Of course, politicians and statesmen do retire when they feel that their time is done. But this really is not the case for Abdullah Gül. Aged 64, he is young enough to be in “active politics.” Moreover, polls have shown that within the AKP, a party that he himself founded back in 2001, he is still very popular and respected. That is why his return to the party as its leader, after seven years of non-partisan presidency, was a much-discussed scenario until August 2014. But then Tayyip Erdoğan got elected as president, and with a very carefully calculate maneuver, blocked Gül’s chance to run for the leadership of the party, while giving his blessing to Ahmet Davutoğlu.
In other words, Gül is not in “active politics” now because of a personal divergence. But there is a deeper reason as well: The AKP of the Gül era (2001-2007) and the AKP of today are very different political animals.
I call that early AKP “the old AKP,” and the current one “the new AKP.” The differences between them are really astonishing. Here is a short list:
- The old AKP was determined to establish the “Copenhagen Criteria” in Turkey, or the political, legal and economic standards of the European Union. The new AKP shows zero interest in this EU dream, and is even winking an eye at the “Shanghai Union,” whose prominent members include Russia, China and Uzbekistan.
- The old AKP explained the world not with conspiracy theories; it was rather the target of conspiracy theories. The new AKP, however, has embraced conspiracy as the main tool to explain political phenomena.

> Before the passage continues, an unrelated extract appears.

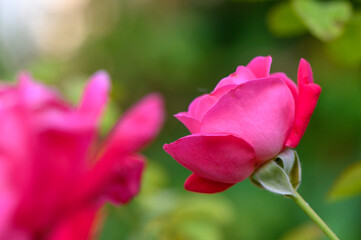 Fototapeta premium Red Rose in Soft Evening Light with Green Leaves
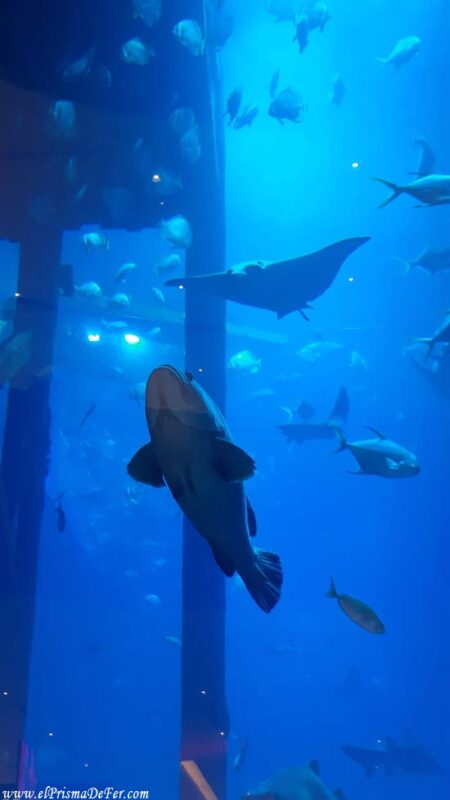 Parte del acuario que se pude ver gratis desde Dubai Mall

- The old AKP aimed at having “zero problems with neighbors.” The new one not only has plenty of problems, but also seems happy with its “precious loneliness.”
- The old AKP was very keen on economic rationality and played by the rules of the global markets. The vestiges of this line are still active, with names such as Deputy Prime Minister Ali Babacan and Central Bank Gov. Erdem Başçı. But the new AKP has an alternative vision of the economy, obsessed with imagined demons such as “the interest rate lobby,” and even suspects whether the Central Bank might be committing “high treason.”
- The old AKP was defined by modesty. For years, Erdoğan lived in a small apartment in a humble neighborhood. The new AKP is rather defined by grandeur. Now Erdoğan lives in one the most colossal and lavish palaces in the world.
- The old AKP was big-hearted and reconciliatory. It opposed the concept of the “enemy within,” and reached out to all. One of its elections songs embracingly read, “We are different colors of the same rug.” The new AKP, however, is bitterly poised against the “enemies within,” “traitors,” and “the axis of evil,” which seem to constitute almost half of the nation.
Today, the real gap is that Gül still believes in the liberal principles of the old AKP, whereas Erdoğan seems willing to take the new AKP to even higher levels of authoritarianism. That is why I understand Gül’s decision to be out of “active politics, for now.” I also share the disappointment he probably has with a derailed experiment, which, alas, could have worked much better for Turkey and even the broader Muslim world.